Big Kids
de Michael DeForge
par Julien Meunier
Chez Michael DeForge, les visages me stressent. Deux points et un trait suffisent à donner des qualités humaines à n’importe quelle forme. Dans Big Kids, les personnages tendent vers la racine ou la brindille, des formes longilignes et dégingandées qui n’auraient rien de figuratives si elles n’avaient pas à leur sommet quelque chose d’un visage esquissé et minimal. Il y a un rapport inconfortable au corps qui se met en place, il est trop fin, trop éclaté, c’est plus un réseau qu’un corps et ça crée une crise de la représentation où le lecteur doit sans cesse tirer l’image vers le figuratif pour que le récit ne s’écroule pas. Ces corps sont malingres, doux et déprimés, et une grande mélancolie émane de ces personnages constamment sur la brèche de l’abstraction.
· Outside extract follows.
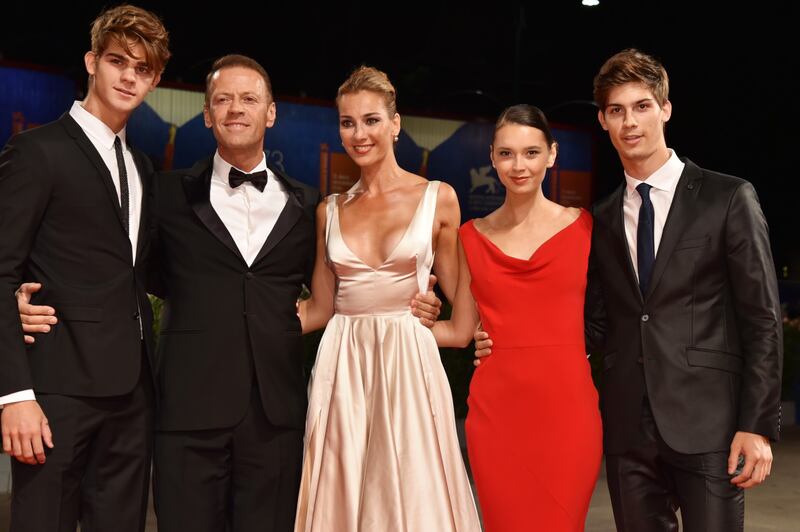 Rocco Siffredi e famiglia alla Mostra del Cinema di Venezia 17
Ainsi, une double page vers la fin du récit montre un personnage regarder une ancienne représentation de lui-même : une tête, des bras, un torse, des cheveux, des vêtements, alors que maintenant son corps est principalement une tige qui se termine en une sorte de cacahuète tordue, deux points et un trait en guise de visage. Le personnage pleure sur ce corps clairement figuré désormais perdu.
La force du dessin de DeForge est peut-être là aussi, car si les corps et les visages sont à peine eux-mêmes, les larmes non plus. Alors des traits hérissés d’étoiles sortent en bouquet des yeux, l’air se remplit de vibrations, les cases se noient dans une douleur en forme de surface rouge ondulante, puis les traits et le rouge partent en explosion vers le ciel et remplissent le monde d’une tristesse en myriades de fusées.